REGION — Nearly 350 volunteers collected more than 2,800 pounds of trash at seven popular beaches the morning after the Fourth of July as part Surfrider Foundation’s annual “Morning After Mess” beach cleanup series.
In only three hours, volunteers had recovered approximately 2,832 pounds of trash — consisting mostly of single-use plastics — which otherwise would have been washed into the sea, adding to the already critical pollution problem devastating the world’s oceans.
Surfrider volunteers hosted four cleanups at Imperial Beach, Ocean Beach Pier and Oceanside, while partner organizations hosted the remaining five sites at Ocean Beach Dog Beach hosted by San Diego River Park Foundation, Mission Beach hosted by San Diego Coastkeeper, Fiesta Island hosted by I Love A Clean San Diego, Crystal Pier hosted by Paddle For Peace, and Moonlight Beach hosted by Un Mar De Colores. These cleanup sites were chosen because of the high concentration of beachgoers and notorious reputations for post-holiday trash.
Volunteers collected approximately 92 pounds of trash at the Oceanside Pier and 73 pounds at Moonlight Beach. The most trash collected was approximately 1,925 pounds at the Ocean Beach Dog Beach.
Few holidays generate more trash on San Diego County beaches than the Fourth of July. The “Morning After Mess” showcases the impact that society’s reliance on wasteful, single-use plastic products has on the coastal environment. Each year, the San Diego County chapter of Surfrider Foundation and partners host the “Morning After Mess” cleanup series to help tackle the mess.
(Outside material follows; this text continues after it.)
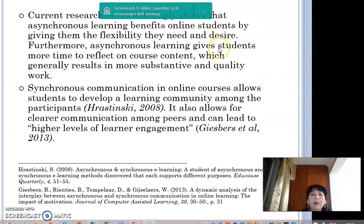Current research overwhelmingly shows that asynchronous learning benefits online students by giving them the flexibility they need and desire. Furthermore, asynchronous learning gives students more time to reflect on course content, which generally results in more substantive and quality work. Synchronous communication in online courses allows students to develop a learning community among participants and leads to a higher level of learner engagement.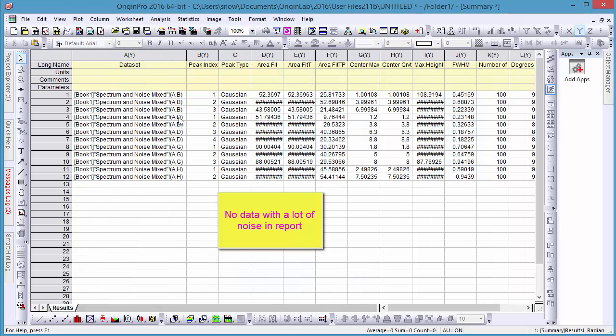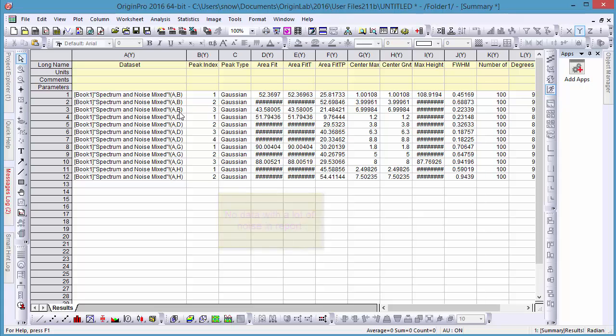And these are just a couple of the ways that Origin 2016 can utilize scripts in batch processing.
“Many of our volunteers remarked that the beaches seemed cleaner than in previous years, which is a great sign that we are headed in the right direction together,” said Alex Ferron, Surfrider Foundation San Diego chapter manager. “Despite that, we can’t lose sight of the fact that even one piece of trash on the beach is too many. More than anything, we hope our beach cleanups inspire San Diegans to continue down the path of coastal stewardship and environmental activism.”
The Surfrider Foundation San Diego has a handful of programs working to fight plastic pollution in San Diego. Specifically, the Rise Above Plastics program has been a key player in introducing and passing single-use plastic and polystyrene ordinances across San Diego County. The program uses outreach, education and advocacy to cut down on single-use plastics and cigarette butts before they reach the coast.